Every line from the one with "3402 S Lituanica" up to and including the one with "Used 2025 Cadillac" is to be output exactly as it appears below; pictures are not.
##############################
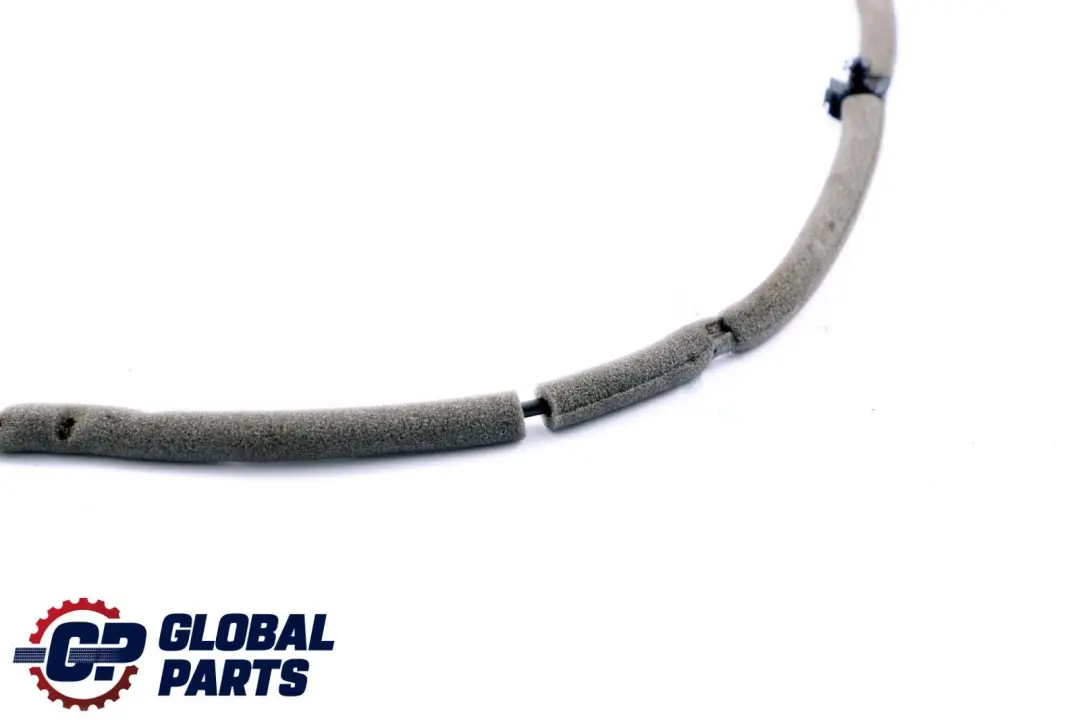 Tapa Embellecedor Lateral Panel Trasero Izquierdo Negro para BMW E88 con número de pieza 9128773 BMW E88 Tapa Embellecedor Lateral Panel Trasero Izquierdo Negro - SKU 9128773 - Número de pieza 9128773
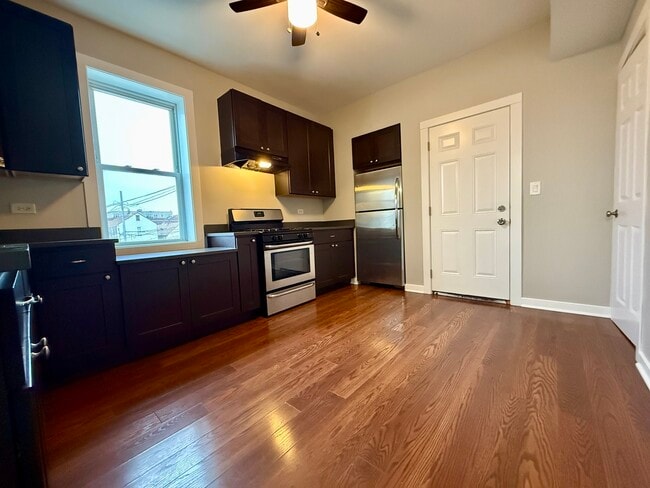 3402 S Lituanica Ave in Chicago, IL - Building Photo - Building Photo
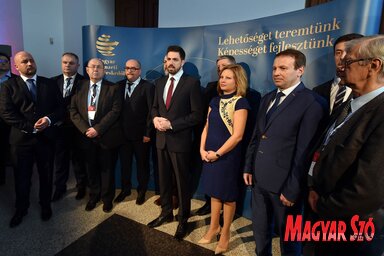 A tanácskozás résztvevői (Ótos András felvétele)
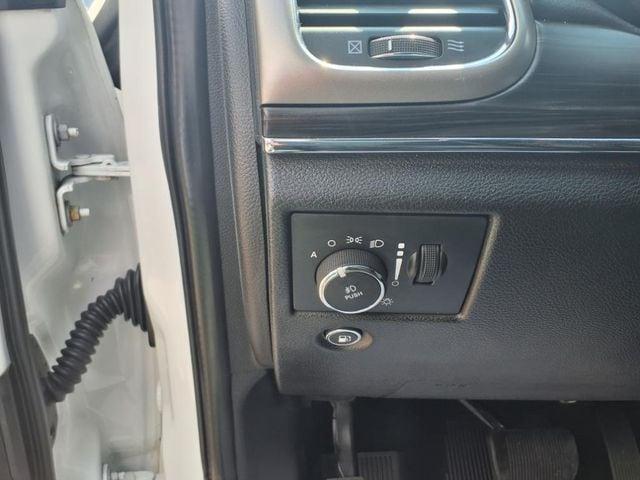 used 2021 Jeep Grand Cherokee car, priced at $25,200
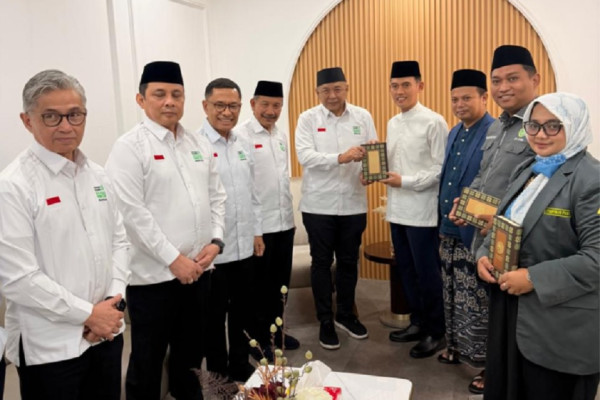 Momentum Ramadan, Sinar Mas Wakafkan Al-Qur'an ke PBNU dan Majelis Alumni IPNU
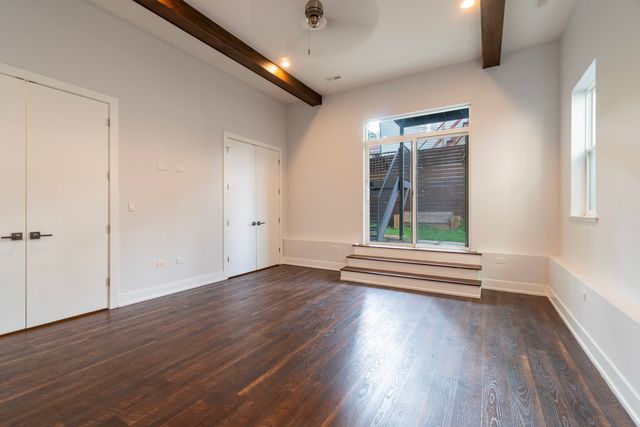 1920 S Shelby Court, Chicago, IL 60608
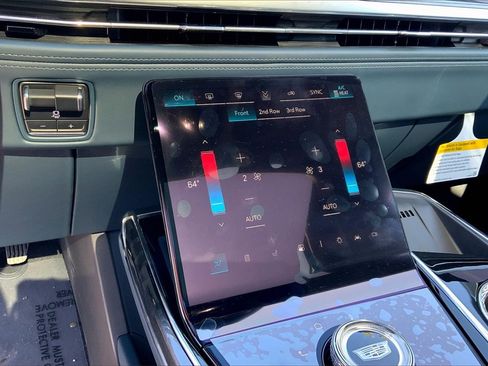 Used 2025 Cadillac Escalade IQ Luxury 2 image 26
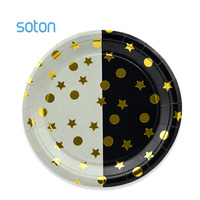 Assiettes en papier Soton personnalisées noir et blanc avec étoiles dorées, vaisselle jetable moderne bicolore pour les fournitures de fête du Nouvel An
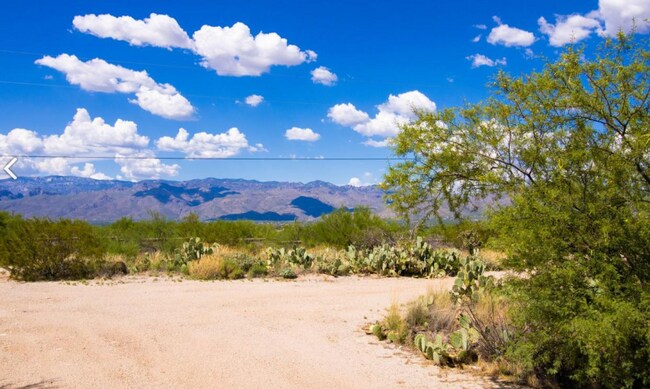 Building Photo - 11640 E Miles St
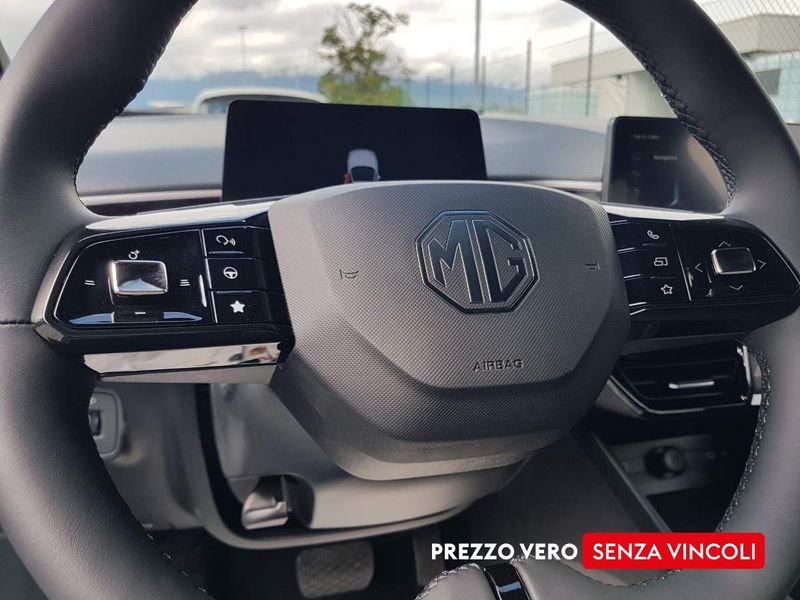 MG MG3  1.5 hybrid+ Luxury auto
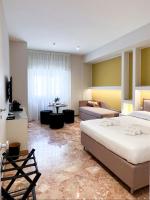 Camera Tripla Superior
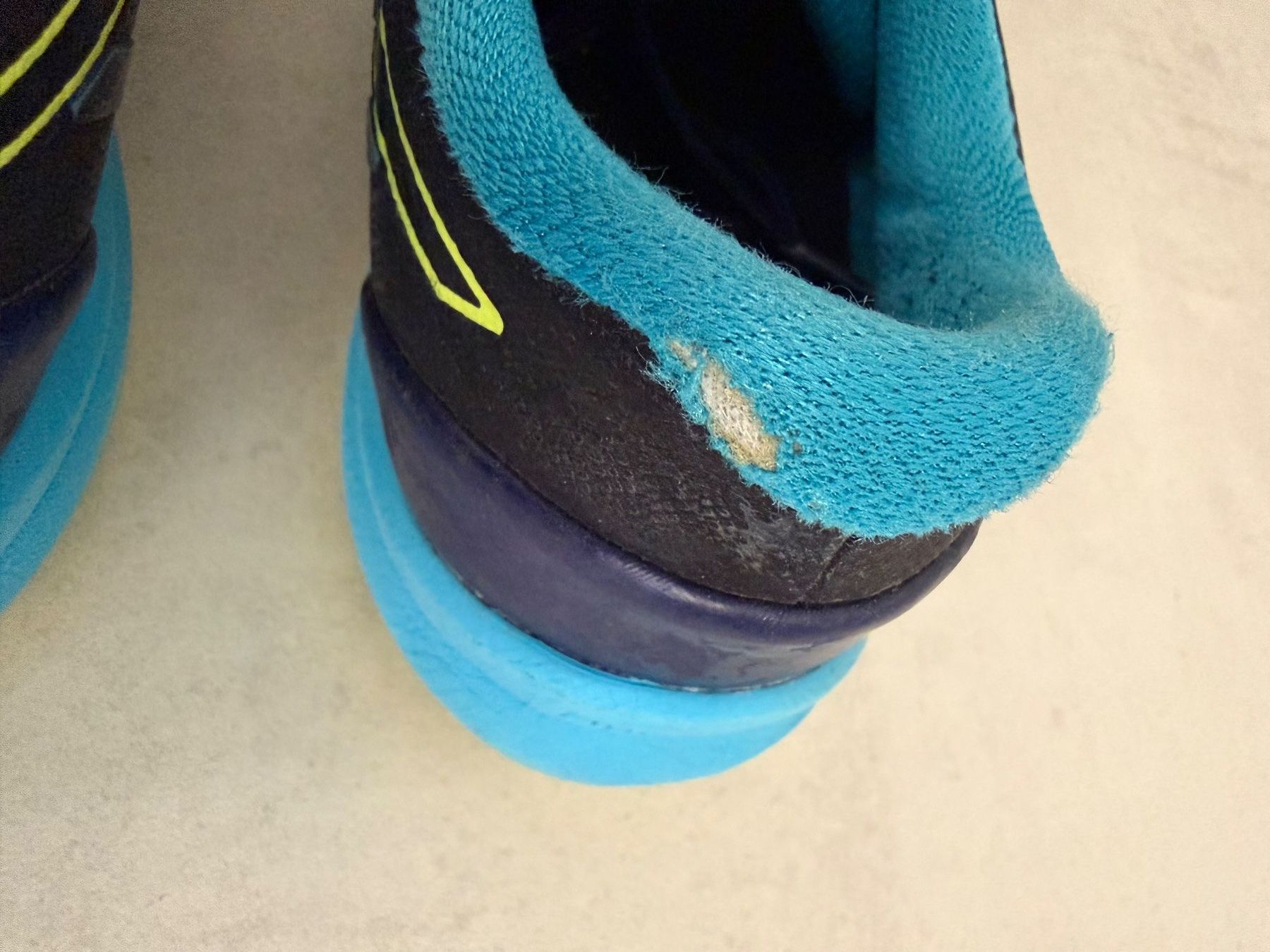 Asics Scarpe da uomo: ASICS Hallenschuhe BLAST FF Grösse 42 – Usato da Geroldswil venduto da Jeremy11 7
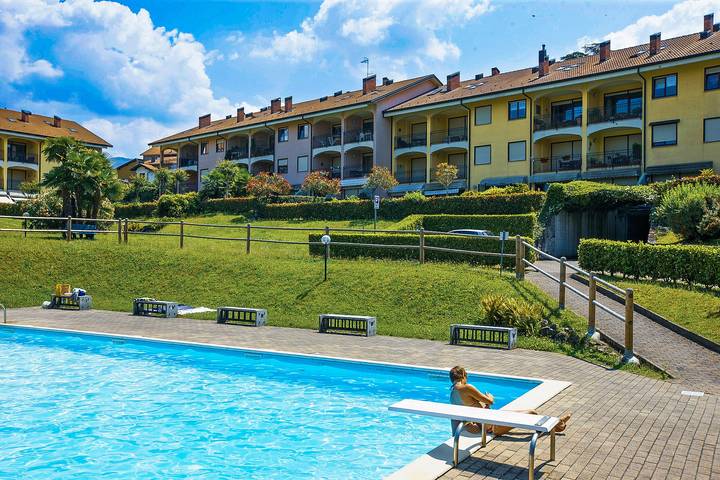 Ferienwohnung für 3 Personen, mit Ausblick und Pool sowie Terrasse und Seeblick in Lago Maggiore (Lombardei) - 2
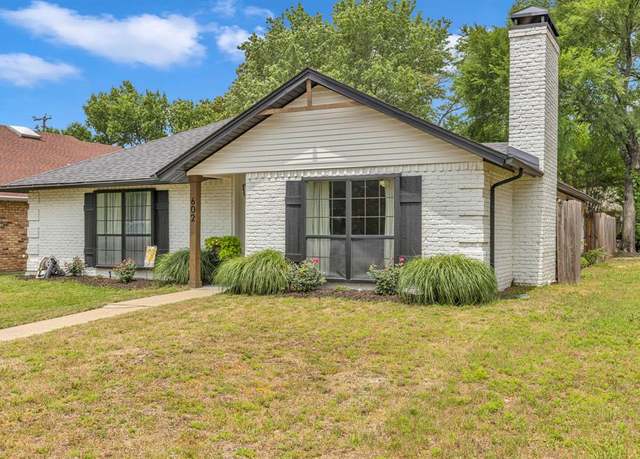 Property at 602 Pierce St, Lindale, TX 75771, 3 beds, 2 baths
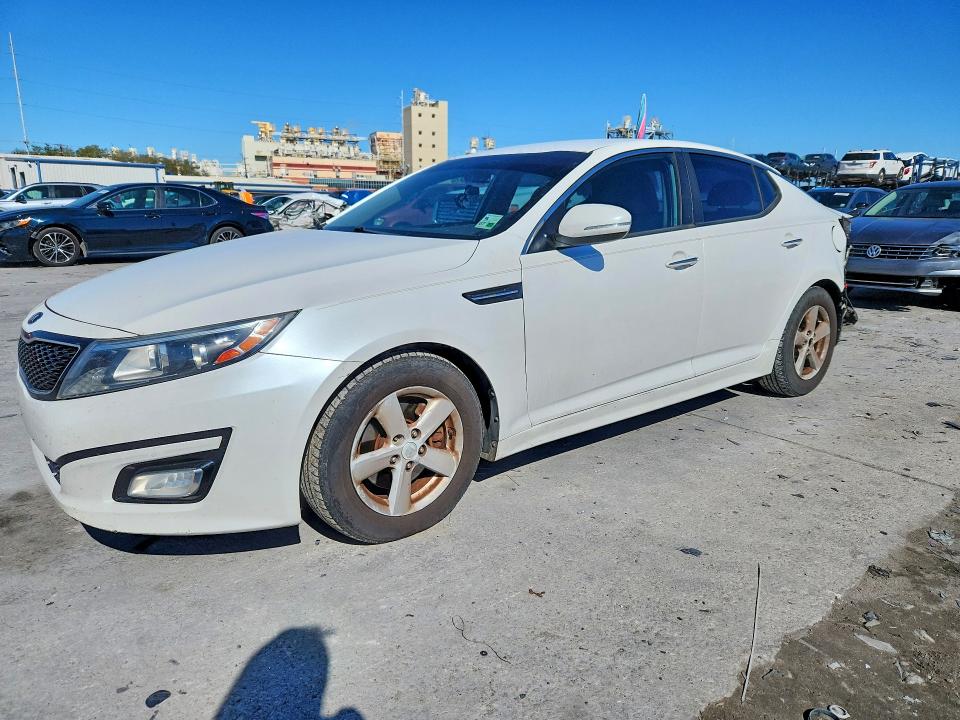 KIA OPTIMA 2015 with VIN KNAGM4A70F5602413 - Photo from auction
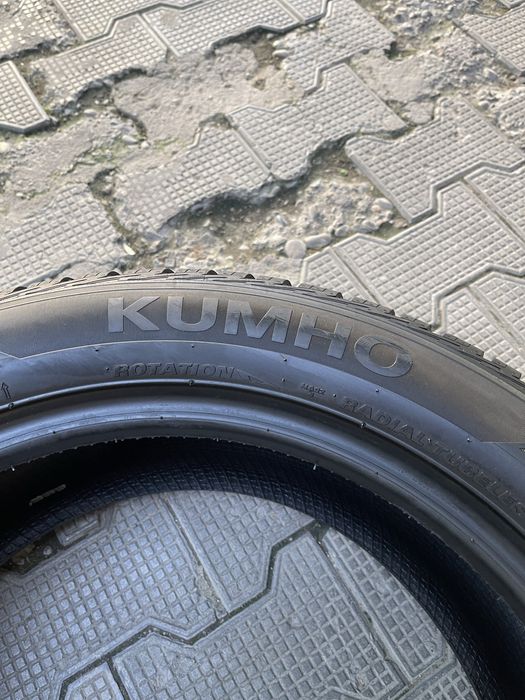 Kumho 235/50R18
##############################
**EXERCISE ANSWER:**
 3402 S Lituanica Ave in Chicago, IL - Building Photo - Building Photo
 A tanácskozás résztvevői (Ótos András felvétele)
 used 2021 Jeep Grand Cherokee car, priced at $25,200
 Momentum Ramadan, Sinar Mas Wakafkan Al-Qur'an ke PBNU dan Majelis Alumni IPNU
 1920 S Shelby Court, Chicago, IL 60608
 Used 2025 Cadillac Escalade IQ Luxury 2 image 26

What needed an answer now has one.